As the old comic book exclamation goes… ‘It’s Alive…!’ And the aliveness of the Decidim community in Barcelona made itself known loud and clear during my fieldwork experience. ‘It’s Alive!’ is now the first of the storytelling devices I am using to both analyse and share the research. It started with ‘the sound of the hive’ [of the Decidim office] ringing in my ears after leaving Barcelona, and it’s still going.
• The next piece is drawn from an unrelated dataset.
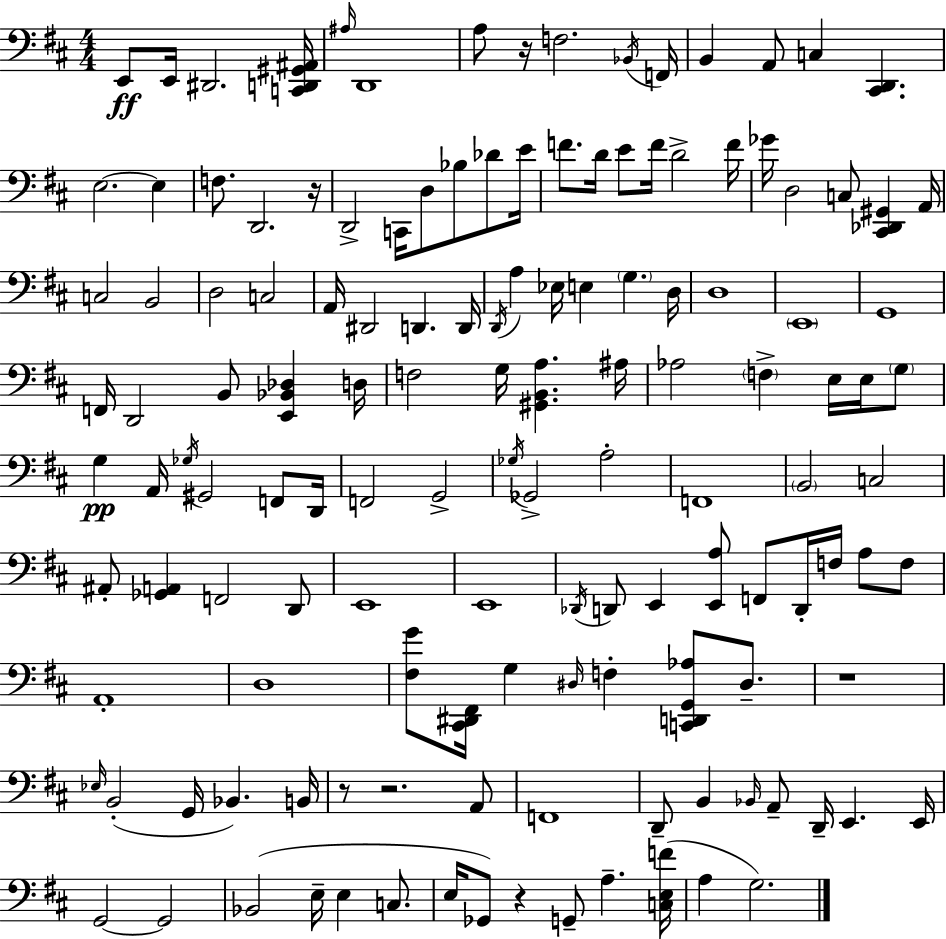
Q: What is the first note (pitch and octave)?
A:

This sense of aliveness is now guiding me through an exploration of how collective intelligence works in Decidim.Barcelona and related tecnopolitical networks.

The Sound of the Hive

I had been embedded in the Decidim.Barcelona office and community for a month, video-recording office and community life, as well as carrying out interviews. And when I left Barcelona, I found ‘The Sound of the Hive’ [of Decidim] clearly ringing in my ears – like the imprint remaining on your retina when you close your eyes after staring at an image for a long time. So, I knew I had to follow and capture that, and started thinking through how the material recorded during fieldwork would articulate it too.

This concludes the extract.